**ASSIGNMENT:**
Lines to return, exactly: from the line with "Unique Model Hino" to the line with "3 Peças Mini" in the entries below, both included.
▬▬▬▬▬▬▬▬▬▬
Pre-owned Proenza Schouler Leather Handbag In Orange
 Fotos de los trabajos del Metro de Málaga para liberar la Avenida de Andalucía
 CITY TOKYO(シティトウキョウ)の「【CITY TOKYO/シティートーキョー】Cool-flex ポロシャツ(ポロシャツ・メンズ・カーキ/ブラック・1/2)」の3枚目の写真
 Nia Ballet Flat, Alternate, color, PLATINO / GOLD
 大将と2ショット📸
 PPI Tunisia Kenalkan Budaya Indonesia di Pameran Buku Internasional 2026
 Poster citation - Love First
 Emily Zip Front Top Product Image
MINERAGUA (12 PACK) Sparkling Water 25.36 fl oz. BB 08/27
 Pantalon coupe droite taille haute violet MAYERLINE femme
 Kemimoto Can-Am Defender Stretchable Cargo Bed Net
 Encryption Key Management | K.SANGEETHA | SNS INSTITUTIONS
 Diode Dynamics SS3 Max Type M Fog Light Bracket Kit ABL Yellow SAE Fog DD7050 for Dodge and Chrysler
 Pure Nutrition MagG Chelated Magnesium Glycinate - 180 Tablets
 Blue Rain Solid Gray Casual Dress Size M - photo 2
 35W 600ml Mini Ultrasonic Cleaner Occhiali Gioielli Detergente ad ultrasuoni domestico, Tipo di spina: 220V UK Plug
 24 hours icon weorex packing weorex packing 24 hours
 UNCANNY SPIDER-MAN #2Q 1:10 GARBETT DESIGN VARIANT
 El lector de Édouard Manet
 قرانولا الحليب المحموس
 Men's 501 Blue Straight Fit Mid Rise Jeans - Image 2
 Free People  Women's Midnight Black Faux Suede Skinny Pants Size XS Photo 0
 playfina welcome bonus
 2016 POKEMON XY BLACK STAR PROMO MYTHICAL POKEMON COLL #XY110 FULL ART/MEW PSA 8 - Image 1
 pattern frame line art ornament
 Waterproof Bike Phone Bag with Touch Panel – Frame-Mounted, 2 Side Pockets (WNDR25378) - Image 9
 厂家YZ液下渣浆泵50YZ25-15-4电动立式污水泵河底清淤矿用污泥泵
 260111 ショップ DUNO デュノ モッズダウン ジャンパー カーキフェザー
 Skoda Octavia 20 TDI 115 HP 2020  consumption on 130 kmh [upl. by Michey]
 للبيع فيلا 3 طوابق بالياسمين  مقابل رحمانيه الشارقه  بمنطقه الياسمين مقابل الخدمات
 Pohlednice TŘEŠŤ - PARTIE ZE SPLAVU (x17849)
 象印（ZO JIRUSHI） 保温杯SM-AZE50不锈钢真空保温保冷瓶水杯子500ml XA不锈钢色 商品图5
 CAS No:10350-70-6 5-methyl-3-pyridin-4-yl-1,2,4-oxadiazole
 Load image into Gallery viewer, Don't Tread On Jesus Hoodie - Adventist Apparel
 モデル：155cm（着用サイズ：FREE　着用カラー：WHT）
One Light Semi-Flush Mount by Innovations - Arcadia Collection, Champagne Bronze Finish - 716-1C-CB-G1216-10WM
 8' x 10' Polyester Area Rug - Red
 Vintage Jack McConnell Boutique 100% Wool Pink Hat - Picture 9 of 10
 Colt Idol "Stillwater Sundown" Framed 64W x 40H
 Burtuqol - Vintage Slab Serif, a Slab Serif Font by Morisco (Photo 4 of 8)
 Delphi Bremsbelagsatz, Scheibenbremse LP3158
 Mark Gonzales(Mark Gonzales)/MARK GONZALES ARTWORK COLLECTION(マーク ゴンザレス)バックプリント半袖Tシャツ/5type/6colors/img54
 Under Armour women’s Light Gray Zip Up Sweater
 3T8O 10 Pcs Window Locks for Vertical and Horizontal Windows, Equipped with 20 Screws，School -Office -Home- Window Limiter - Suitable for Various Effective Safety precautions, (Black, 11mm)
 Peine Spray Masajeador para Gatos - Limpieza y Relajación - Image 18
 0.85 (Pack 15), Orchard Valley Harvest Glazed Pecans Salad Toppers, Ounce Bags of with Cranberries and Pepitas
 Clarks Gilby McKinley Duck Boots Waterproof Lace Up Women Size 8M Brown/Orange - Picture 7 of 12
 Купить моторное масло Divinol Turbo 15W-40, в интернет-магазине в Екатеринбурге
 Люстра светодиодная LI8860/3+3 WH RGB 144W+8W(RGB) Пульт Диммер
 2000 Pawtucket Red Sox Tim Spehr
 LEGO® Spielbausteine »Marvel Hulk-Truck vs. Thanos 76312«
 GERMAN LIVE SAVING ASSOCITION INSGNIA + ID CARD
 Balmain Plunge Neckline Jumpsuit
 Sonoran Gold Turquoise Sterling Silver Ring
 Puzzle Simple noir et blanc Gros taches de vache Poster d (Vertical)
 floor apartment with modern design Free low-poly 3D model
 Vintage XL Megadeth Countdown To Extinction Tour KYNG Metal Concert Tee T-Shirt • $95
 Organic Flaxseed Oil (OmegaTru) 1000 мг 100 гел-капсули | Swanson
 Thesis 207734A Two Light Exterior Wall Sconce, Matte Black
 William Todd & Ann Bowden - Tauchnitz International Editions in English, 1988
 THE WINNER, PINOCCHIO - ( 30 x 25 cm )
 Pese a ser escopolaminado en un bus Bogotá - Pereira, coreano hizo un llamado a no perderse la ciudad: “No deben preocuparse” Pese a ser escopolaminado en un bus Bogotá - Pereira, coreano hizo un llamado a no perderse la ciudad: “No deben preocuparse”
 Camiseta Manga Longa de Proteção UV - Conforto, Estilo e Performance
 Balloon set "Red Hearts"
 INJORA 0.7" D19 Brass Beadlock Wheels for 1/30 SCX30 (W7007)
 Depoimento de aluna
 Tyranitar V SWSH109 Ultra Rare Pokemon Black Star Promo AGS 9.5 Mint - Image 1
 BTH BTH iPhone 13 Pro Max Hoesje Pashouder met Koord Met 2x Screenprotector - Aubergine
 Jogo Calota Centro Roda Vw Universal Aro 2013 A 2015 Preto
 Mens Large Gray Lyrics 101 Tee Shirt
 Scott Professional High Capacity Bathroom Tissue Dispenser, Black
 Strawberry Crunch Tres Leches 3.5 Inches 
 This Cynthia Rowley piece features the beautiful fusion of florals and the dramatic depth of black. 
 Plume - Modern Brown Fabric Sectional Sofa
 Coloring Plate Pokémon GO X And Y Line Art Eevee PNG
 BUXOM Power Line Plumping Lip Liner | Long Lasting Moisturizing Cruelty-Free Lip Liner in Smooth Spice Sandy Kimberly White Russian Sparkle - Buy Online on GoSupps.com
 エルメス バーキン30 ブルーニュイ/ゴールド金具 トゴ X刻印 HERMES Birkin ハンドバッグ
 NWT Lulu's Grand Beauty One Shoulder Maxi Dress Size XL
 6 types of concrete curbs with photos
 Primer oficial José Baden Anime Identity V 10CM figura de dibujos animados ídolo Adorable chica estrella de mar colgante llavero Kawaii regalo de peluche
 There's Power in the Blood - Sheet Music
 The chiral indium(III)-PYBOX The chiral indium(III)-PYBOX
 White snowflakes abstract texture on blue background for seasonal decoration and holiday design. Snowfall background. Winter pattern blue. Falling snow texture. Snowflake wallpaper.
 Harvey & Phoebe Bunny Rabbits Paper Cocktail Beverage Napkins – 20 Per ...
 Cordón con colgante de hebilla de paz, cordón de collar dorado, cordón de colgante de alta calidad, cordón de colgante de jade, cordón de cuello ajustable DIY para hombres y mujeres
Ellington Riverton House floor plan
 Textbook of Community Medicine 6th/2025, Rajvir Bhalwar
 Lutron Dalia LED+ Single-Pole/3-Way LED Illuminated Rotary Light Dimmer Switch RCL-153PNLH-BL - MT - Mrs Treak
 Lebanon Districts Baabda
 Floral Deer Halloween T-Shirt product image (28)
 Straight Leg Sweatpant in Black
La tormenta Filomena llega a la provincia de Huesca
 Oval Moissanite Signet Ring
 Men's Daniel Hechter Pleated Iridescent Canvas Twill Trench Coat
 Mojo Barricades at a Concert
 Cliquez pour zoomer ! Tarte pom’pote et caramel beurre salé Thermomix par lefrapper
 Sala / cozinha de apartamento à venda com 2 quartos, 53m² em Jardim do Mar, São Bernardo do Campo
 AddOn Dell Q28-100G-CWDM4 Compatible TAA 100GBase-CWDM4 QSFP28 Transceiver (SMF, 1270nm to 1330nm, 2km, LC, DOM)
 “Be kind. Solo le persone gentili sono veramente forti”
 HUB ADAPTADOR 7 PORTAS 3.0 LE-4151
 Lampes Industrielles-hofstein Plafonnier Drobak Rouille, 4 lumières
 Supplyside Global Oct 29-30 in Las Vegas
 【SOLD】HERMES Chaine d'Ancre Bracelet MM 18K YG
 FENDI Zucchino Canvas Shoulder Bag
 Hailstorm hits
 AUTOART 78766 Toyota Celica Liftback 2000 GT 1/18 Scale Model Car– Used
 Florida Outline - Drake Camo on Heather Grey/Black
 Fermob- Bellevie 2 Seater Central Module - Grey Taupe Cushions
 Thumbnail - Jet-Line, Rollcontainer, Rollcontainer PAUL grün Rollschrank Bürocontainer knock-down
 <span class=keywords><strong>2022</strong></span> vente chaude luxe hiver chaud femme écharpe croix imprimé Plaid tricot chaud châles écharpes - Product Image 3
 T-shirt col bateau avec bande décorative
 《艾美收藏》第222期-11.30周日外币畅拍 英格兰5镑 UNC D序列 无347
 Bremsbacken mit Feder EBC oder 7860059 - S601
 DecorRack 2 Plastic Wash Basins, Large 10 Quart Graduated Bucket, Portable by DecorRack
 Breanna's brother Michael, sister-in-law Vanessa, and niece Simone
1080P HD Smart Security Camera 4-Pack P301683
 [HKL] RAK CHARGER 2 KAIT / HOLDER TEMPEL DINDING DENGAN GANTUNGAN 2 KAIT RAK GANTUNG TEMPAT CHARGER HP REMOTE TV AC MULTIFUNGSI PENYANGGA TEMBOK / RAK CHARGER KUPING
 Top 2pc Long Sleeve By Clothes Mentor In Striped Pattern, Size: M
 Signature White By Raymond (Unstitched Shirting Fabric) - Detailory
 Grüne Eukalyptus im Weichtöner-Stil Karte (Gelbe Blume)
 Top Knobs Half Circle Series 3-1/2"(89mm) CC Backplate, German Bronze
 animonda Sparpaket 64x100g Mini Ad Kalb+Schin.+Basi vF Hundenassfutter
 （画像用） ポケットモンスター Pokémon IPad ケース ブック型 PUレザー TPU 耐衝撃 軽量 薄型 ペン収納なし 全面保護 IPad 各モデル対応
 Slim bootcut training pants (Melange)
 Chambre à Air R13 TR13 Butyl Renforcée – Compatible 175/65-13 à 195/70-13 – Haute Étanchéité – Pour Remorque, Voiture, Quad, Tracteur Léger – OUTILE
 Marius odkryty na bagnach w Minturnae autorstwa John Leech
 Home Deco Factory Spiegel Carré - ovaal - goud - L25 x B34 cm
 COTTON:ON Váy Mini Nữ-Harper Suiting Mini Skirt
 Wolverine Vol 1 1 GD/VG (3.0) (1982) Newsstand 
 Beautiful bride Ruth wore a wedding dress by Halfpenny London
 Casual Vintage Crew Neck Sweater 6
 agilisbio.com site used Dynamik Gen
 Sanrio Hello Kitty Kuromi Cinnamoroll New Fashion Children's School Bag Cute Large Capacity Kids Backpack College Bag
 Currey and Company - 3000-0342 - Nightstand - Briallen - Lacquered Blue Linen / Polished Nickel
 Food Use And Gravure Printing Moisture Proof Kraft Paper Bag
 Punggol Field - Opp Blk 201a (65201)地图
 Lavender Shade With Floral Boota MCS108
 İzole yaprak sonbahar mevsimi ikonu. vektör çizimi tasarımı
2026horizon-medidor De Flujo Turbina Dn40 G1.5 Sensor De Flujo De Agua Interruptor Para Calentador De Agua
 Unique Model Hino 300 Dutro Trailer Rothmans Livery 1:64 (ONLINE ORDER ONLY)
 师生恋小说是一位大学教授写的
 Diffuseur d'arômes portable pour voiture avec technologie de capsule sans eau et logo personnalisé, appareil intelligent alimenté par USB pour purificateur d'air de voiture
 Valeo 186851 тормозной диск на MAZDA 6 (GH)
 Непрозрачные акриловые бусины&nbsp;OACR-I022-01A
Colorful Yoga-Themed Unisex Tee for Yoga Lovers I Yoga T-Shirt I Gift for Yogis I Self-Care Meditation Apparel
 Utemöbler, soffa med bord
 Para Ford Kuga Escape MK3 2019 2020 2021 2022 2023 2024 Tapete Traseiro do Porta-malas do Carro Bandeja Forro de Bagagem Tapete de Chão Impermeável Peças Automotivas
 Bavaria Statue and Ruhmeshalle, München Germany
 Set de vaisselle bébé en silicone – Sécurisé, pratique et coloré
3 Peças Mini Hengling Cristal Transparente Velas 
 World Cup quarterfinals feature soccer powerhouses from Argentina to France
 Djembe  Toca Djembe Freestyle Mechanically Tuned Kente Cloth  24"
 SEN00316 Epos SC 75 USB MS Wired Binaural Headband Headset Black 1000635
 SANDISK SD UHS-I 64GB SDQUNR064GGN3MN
▬▬▬▬▬▬▬▬▬▬
**SOLUTION TO THIS EXERCISE:**
 Unique Model Hino 300 Dutro Trailer Rothmans Livery 1:64 (ONLINE ORDER ONLY)
 师生恋小说是一位大学教授写的
 Diffuseur d'arômes portable pour voiture avec technologie de capsule sans eau et logo personnalisé, appareil intelligent alimenté par USB pour purificateur d'air de voiture
 Valeo 186851 тормозной диск на MAZDA 6 (GH)
 Непрозрачные акриловые бусины&nbsp;OACR-I022-01A
Colorful Yoga-Themed Unisex Tee for Yoga Lovers I Yoga T-Shirt I Gift for Yogis I Self-Care Meditation Apparel
 Utemöbler, soffa med bord
 Para Ford Kuga Escape MK3 2019 2020 2021 2022 2023 2024 Tapete Traseiro do Porta-malas do Carro Bandeja Forro de Bagagem Tapete de Chão Impermeável Peças Automotivas
 Bavaria Statue and Ruhmeshalle, München Germany
 Set de vaisselle bébé en silicone – Sécurisé, pratique et coloré
3 Peças Mini Hengling Cristal Transparente Velas 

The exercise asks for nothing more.